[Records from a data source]
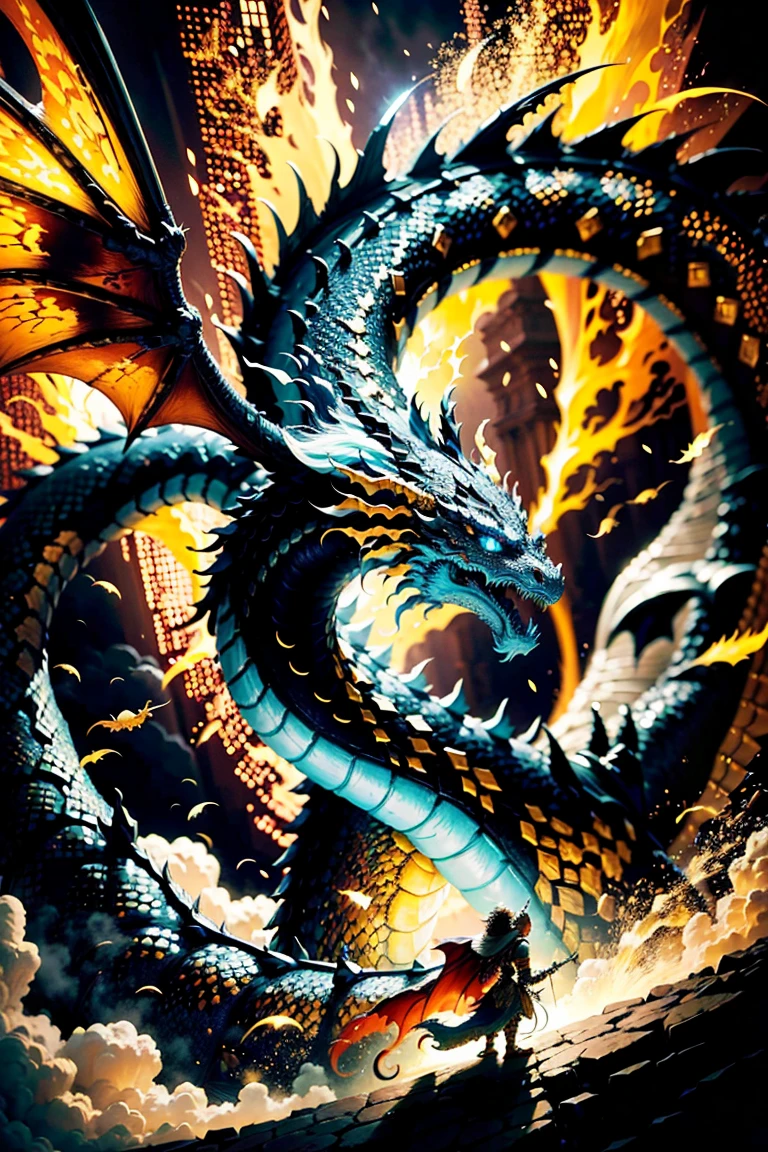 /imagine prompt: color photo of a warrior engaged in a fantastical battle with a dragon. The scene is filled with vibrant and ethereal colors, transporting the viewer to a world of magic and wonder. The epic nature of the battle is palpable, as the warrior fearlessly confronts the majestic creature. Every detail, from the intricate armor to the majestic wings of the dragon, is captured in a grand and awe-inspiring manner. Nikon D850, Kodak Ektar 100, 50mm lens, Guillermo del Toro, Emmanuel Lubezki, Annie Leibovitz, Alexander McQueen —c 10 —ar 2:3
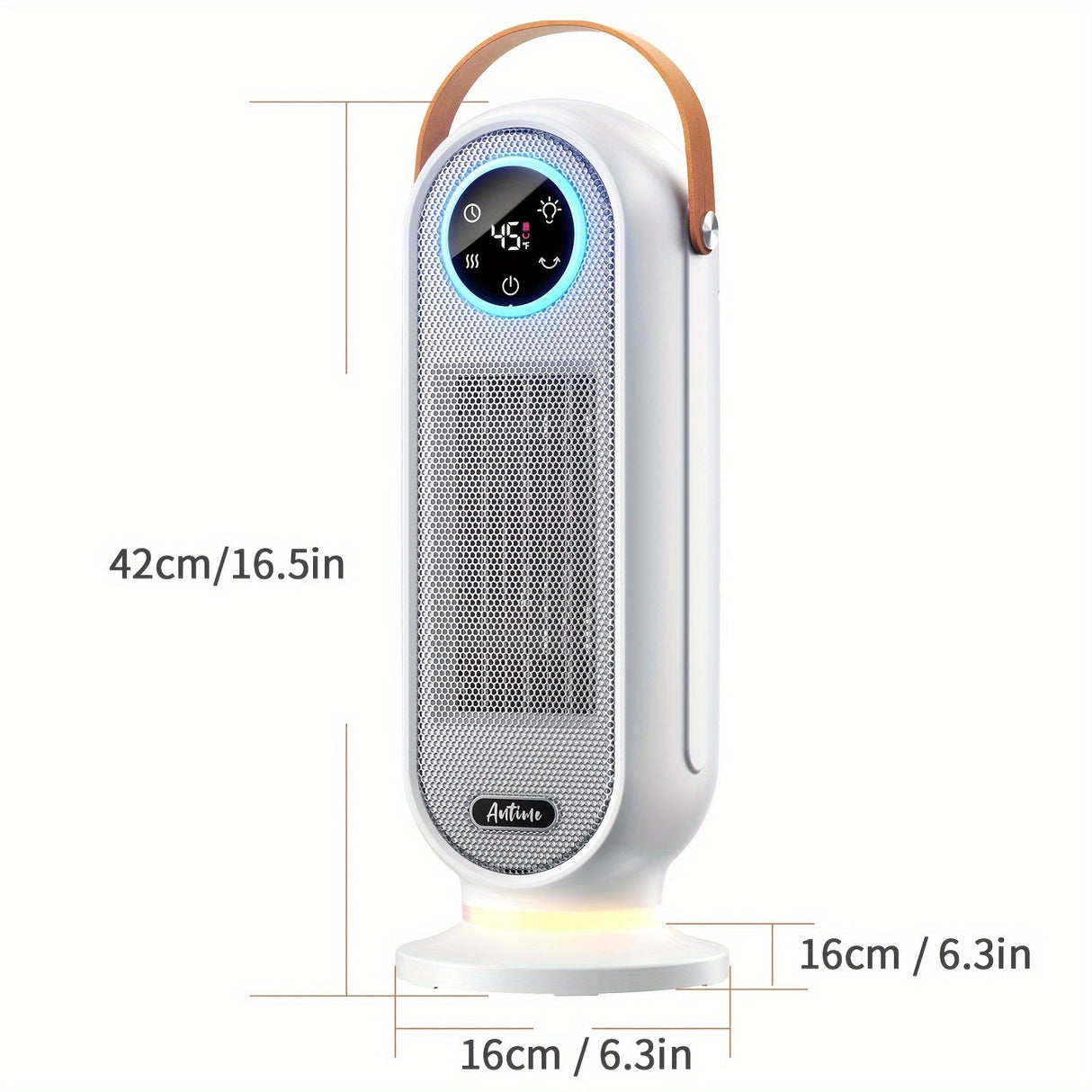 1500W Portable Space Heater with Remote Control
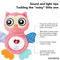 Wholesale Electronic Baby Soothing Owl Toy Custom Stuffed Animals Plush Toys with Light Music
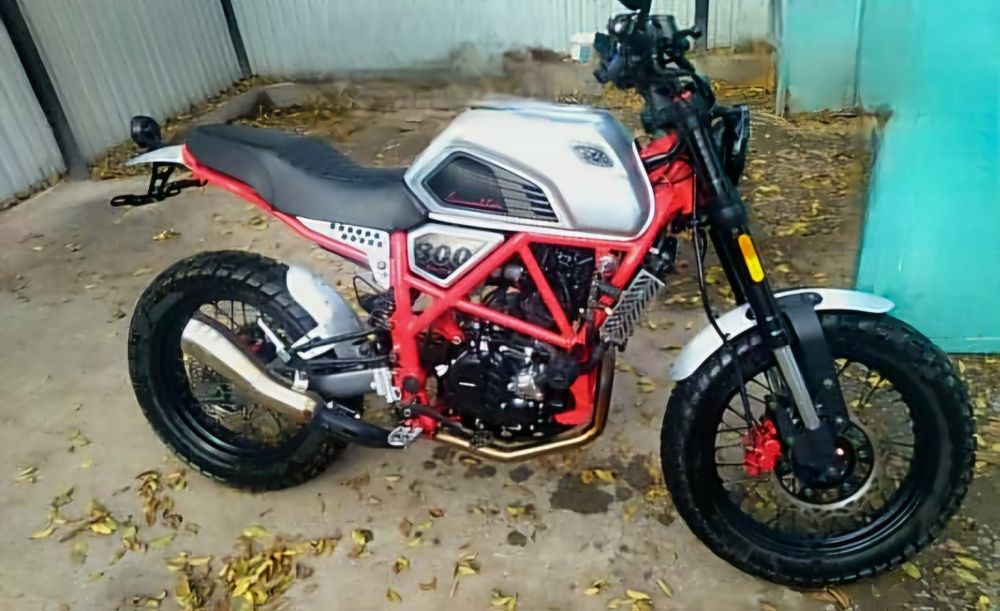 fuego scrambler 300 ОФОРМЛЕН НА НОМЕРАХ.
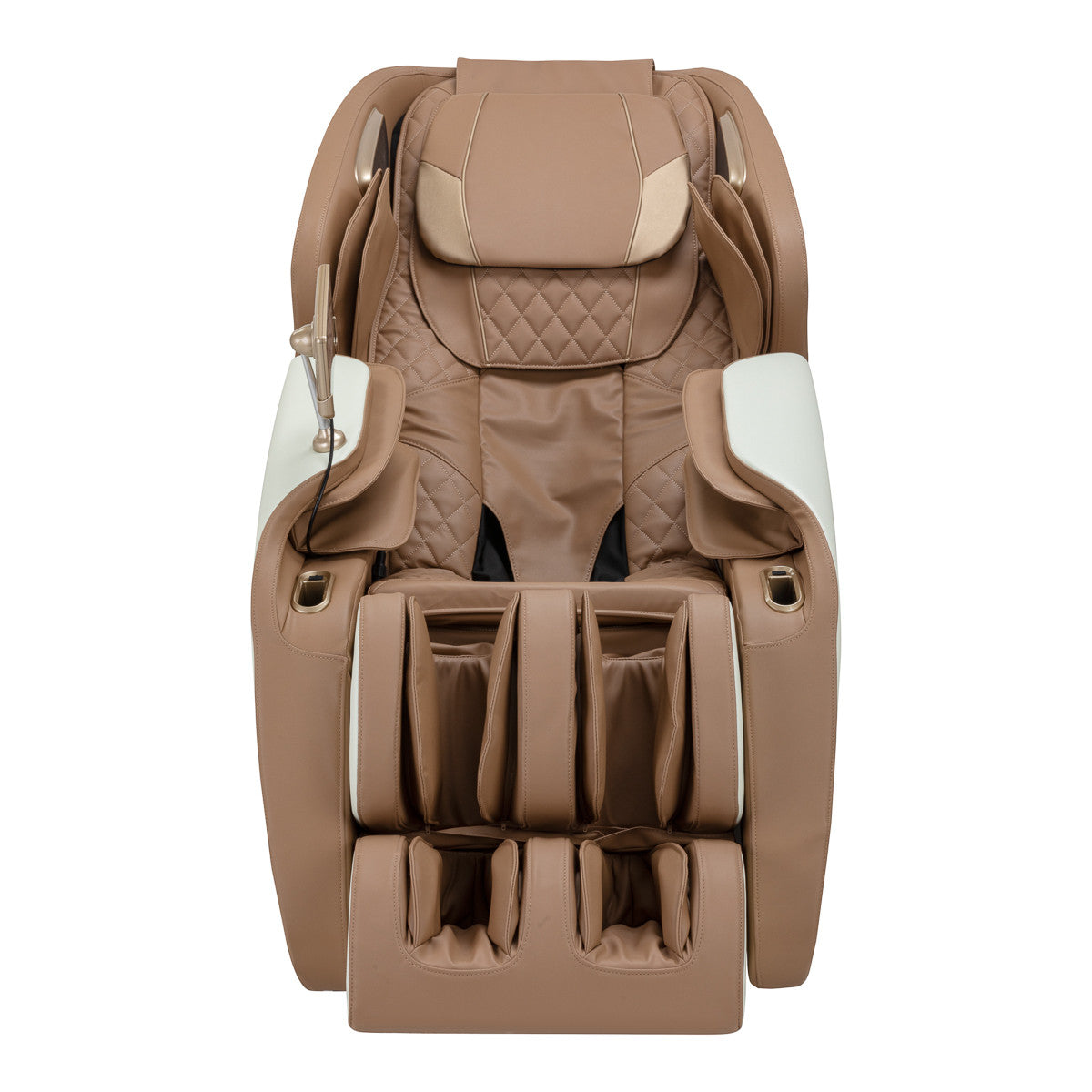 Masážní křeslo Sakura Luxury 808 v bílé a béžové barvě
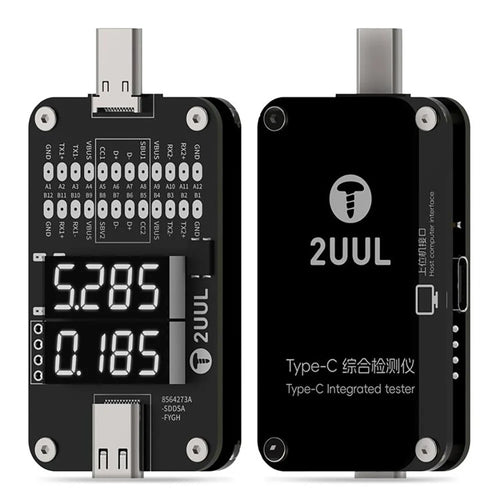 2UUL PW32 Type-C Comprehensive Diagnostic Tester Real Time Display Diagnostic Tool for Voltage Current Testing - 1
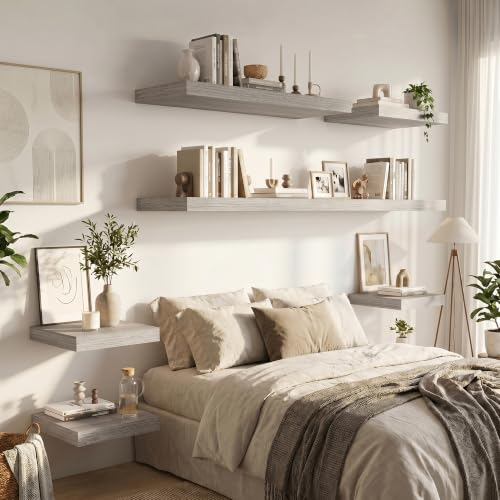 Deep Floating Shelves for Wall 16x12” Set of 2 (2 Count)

**WHAT YOU SHOULD DO:**
With the pictures left out, output the lines from the one containing "Masážní křeslo Sakura" through the last line of the records above, exactly as they are.

**TASK OUTPUT:**
 Masážní křeslo Sakura Luxury 808 v bílé a béžové barvě
 2UUL PW32 Type-C Comprehensive Diagnostic Tester Real Time Display Diagnostic Tool for Voltage Current Testing - 1
 Deep Floating Shelves for Wall 16x12” Set of 2 (2 Count)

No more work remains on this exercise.